#### MATERIAL FOR THIS EXERCISE:

####################

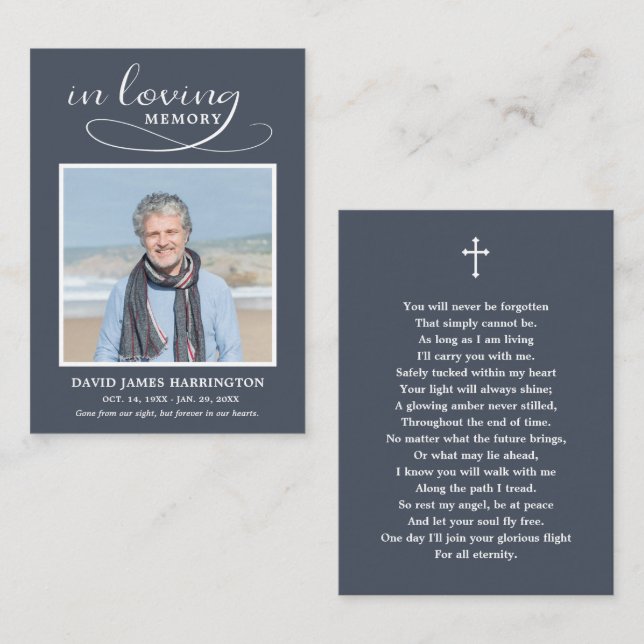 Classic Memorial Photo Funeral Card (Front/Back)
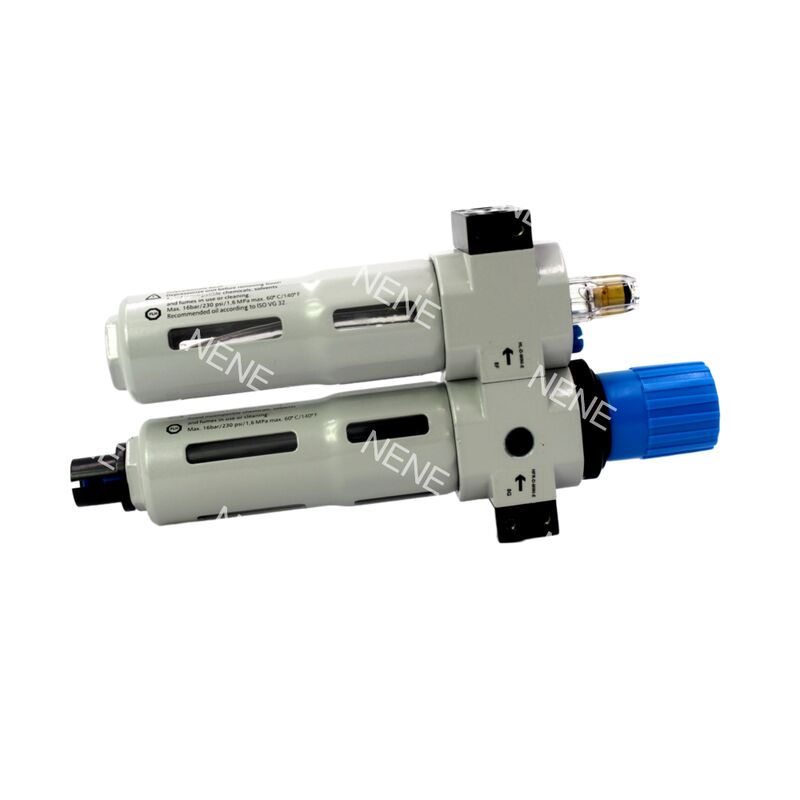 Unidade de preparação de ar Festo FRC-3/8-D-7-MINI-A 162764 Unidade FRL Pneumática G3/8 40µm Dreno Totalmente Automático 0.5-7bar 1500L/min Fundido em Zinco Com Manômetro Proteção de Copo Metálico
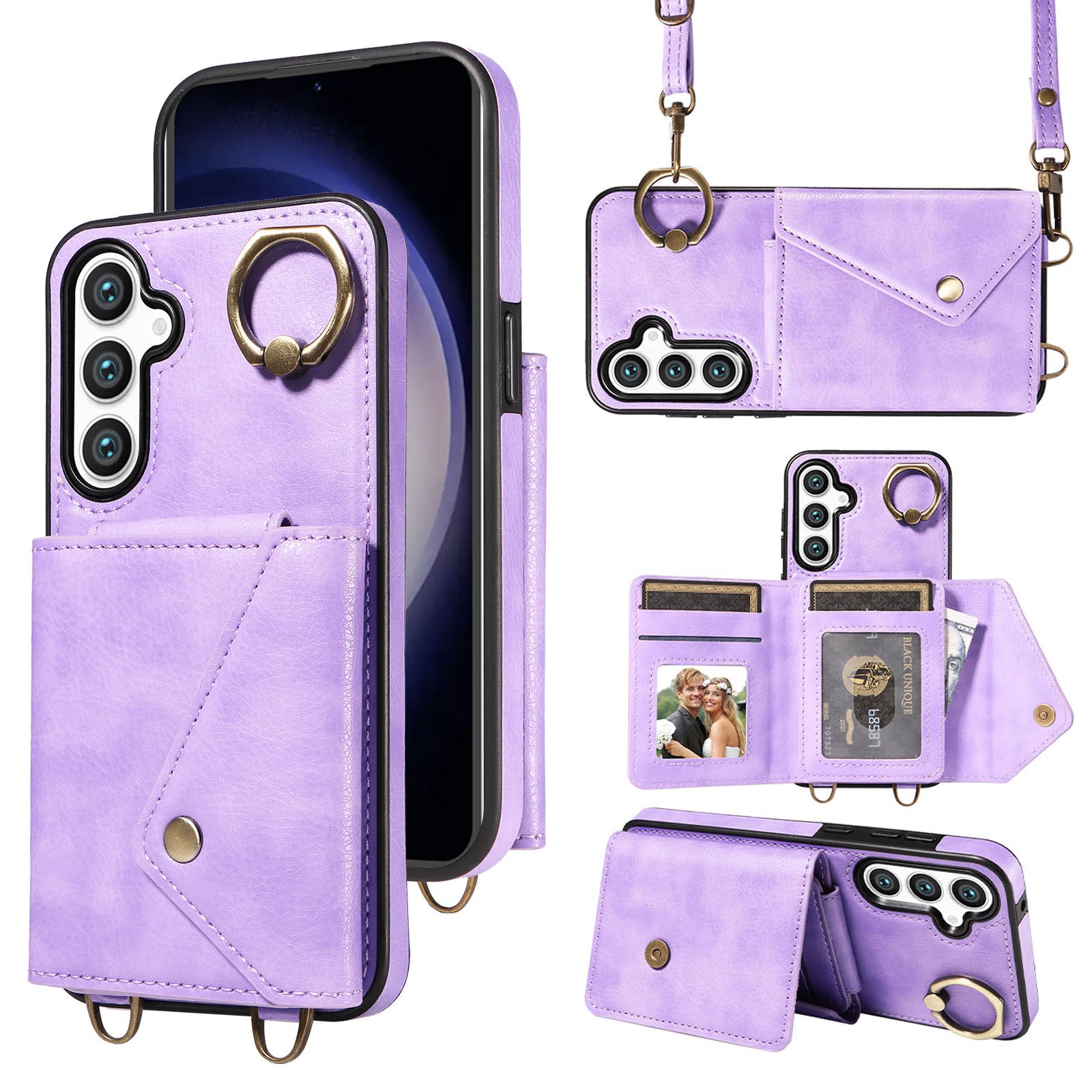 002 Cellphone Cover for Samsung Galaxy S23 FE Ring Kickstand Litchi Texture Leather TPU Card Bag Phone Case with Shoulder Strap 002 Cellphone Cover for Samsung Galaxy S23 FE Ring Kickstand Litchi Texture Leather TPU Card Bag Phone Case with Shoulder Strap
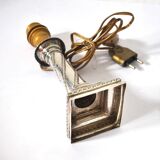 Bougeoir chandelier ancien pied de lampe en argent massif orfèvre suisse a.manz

####################

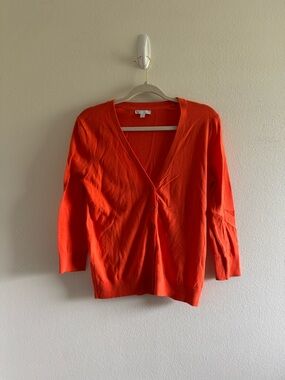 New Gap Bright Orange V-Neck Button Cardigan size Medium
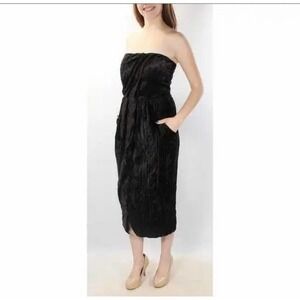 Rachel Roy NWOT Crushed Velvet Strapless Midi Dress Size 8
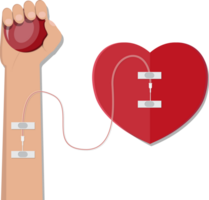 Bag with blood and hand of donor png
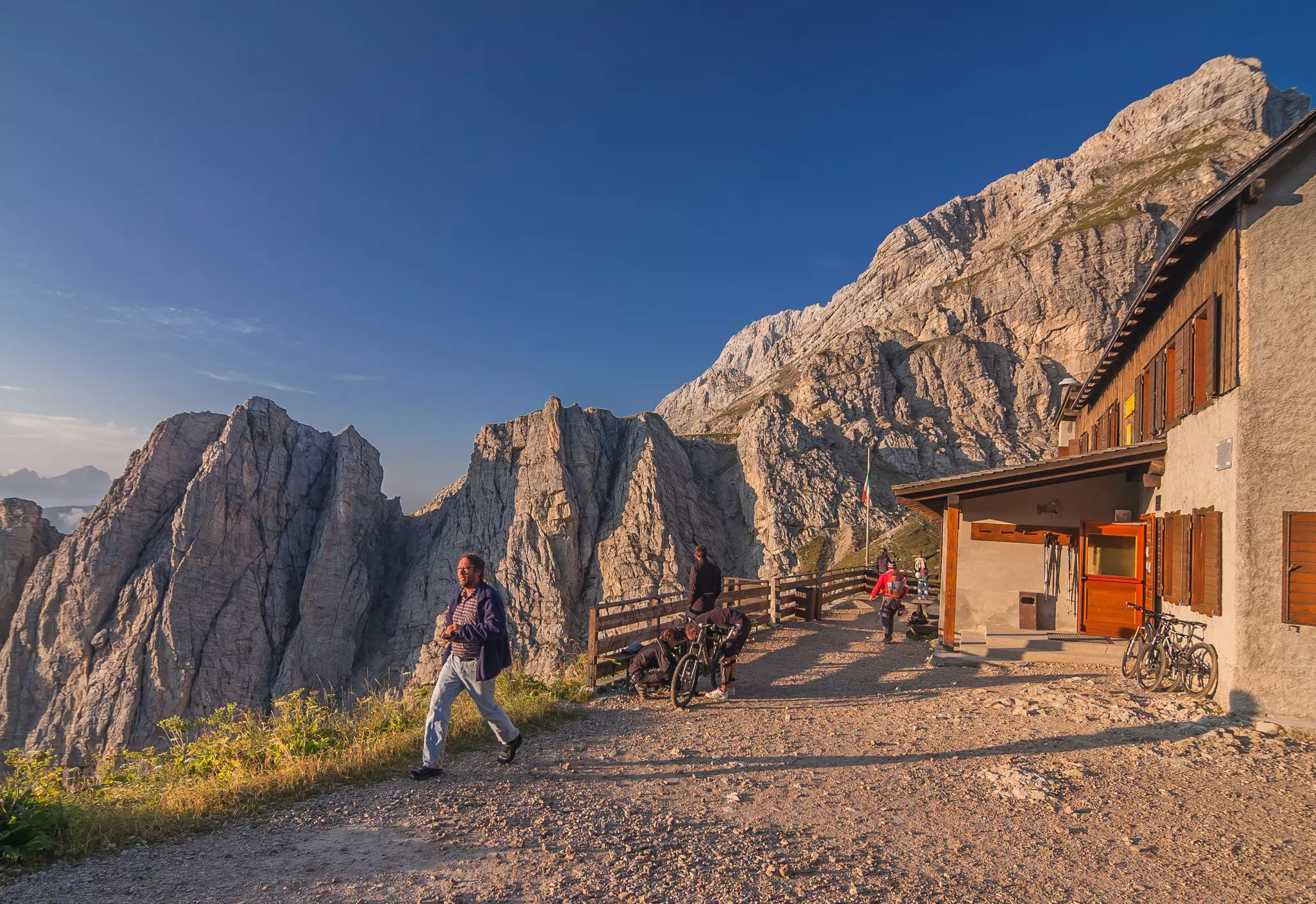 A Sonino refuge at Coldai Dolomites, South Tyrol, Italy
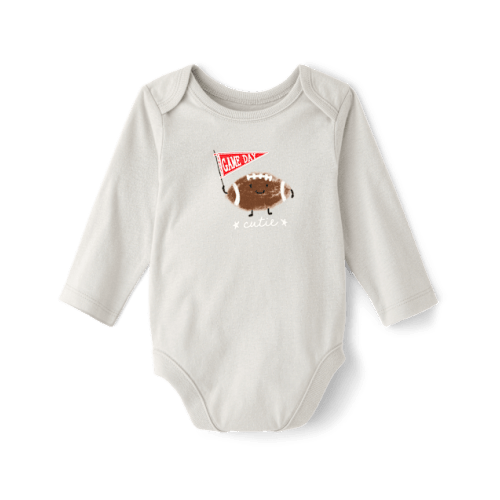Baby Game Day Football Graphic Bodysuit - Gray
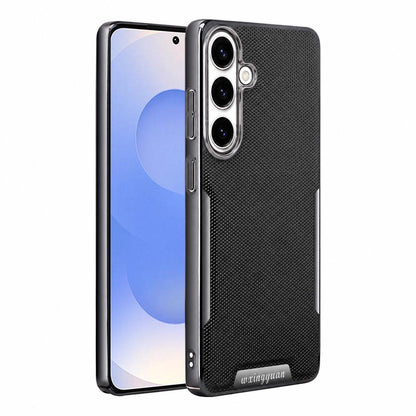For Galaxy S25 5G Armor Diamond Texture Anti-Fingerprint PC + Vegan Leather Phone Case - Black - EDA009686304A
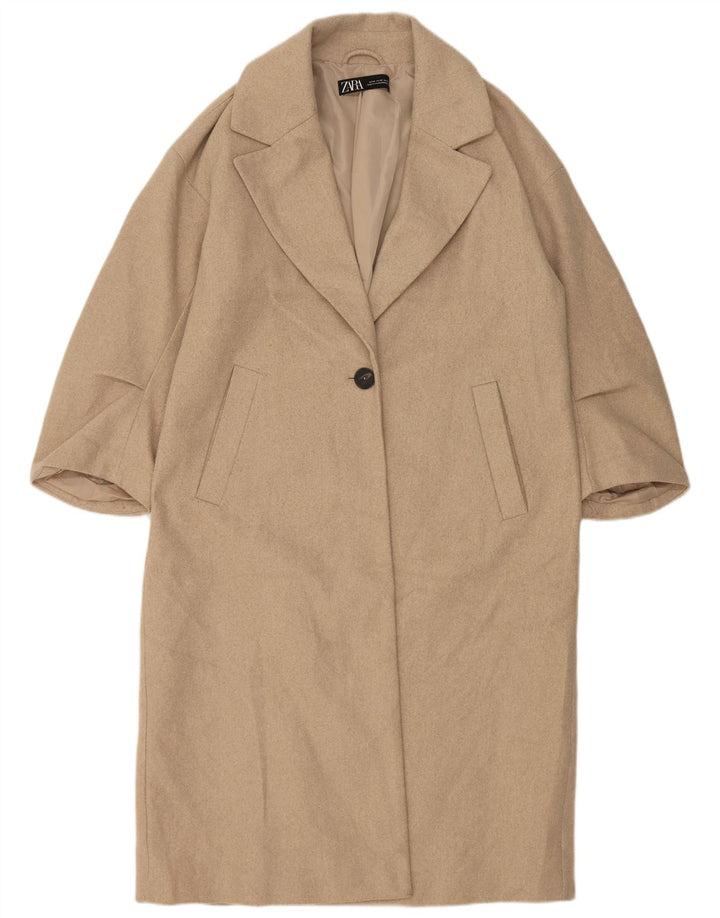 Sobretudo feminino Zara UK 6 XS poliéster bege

####################

#### EXERCISE REQUIREMENTS:
Every line above in the stretch from the one with "A Sonino refuge" through the one with "Sobretudo feminino Zara" is to be transcribed exactly, ends included. No picture is copied.

#### WRITTEN RESPONSE:
 A Sonino refuge at Coldai Dolomites, South Tyrol, Italy
Baby Game Day Football Graphic Bodysuit - Gray
For Galaxy S25 5G Armor Diamond Texture Anti-Fingerprint PC + Vegan Leather Phone Case - Black - EDA009686304A
 Sobretudo feminino Zara UK 6 XS poliéster bege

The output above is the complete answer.